Maggie had the same plans for Sofia Rizzo, but because the young woman had been in Europe on business, she had to wait longer than she’d wanted to. When Sofia arrived on Nantucket to speak with the police, it was a pleasant turn of events for Maggie. She wouldn’t need to travel to Boston to carry out her plan and, in fact, had prepared the poison for Sofia on the day Lin noticed Maggie was wearing Elise’s necklace and was on her way into town to murder Sofia.
Instead, the poison ended up in Lin’s water bottle after Lin asked Maggie about the necklace she was wearing and inquired if she knew Maura Wells and Sofia Rizzo.
The necklace that was stolen from Elise’s body would eventually be given to Maura’s sister, Bridget, and later, passed to Bridget’s daughter since they were the only living relatives of Elise Porter.
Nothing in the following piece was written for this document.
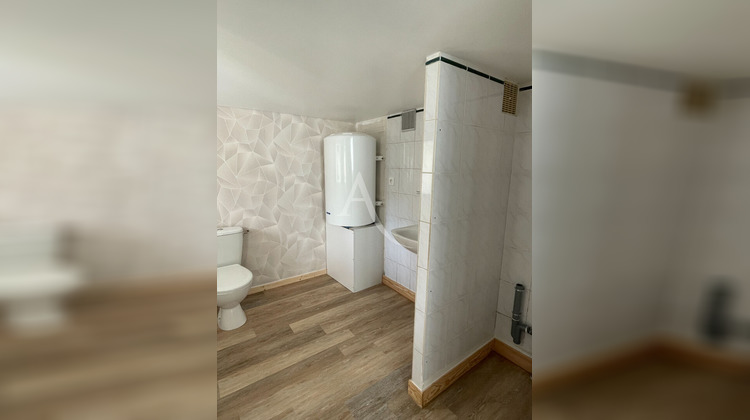 Ma-Cabane - Location Maison ARGENTRE, 66 m²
Elise’s bones were uncovered by investigators who dug next to the boulder in the woods behind the Toppers’ house. Elise would find a proper resting place in a cemetery plot right next to that of her descendant, Maura Wells, and both women would be accompanied to Chicago by Maura’s loving sister.
The strangeness of Vernon Willard murdering Elise and then two hundred years later, a descendant of Willard murdering Elise’s descendant was not lost on Lin and Viv and they had several discussions about the poetic justice of Willard’s last descendant spending the rest of her life in prison while Elise’s relatives, Bridget and her daughter, would carry on their family genes.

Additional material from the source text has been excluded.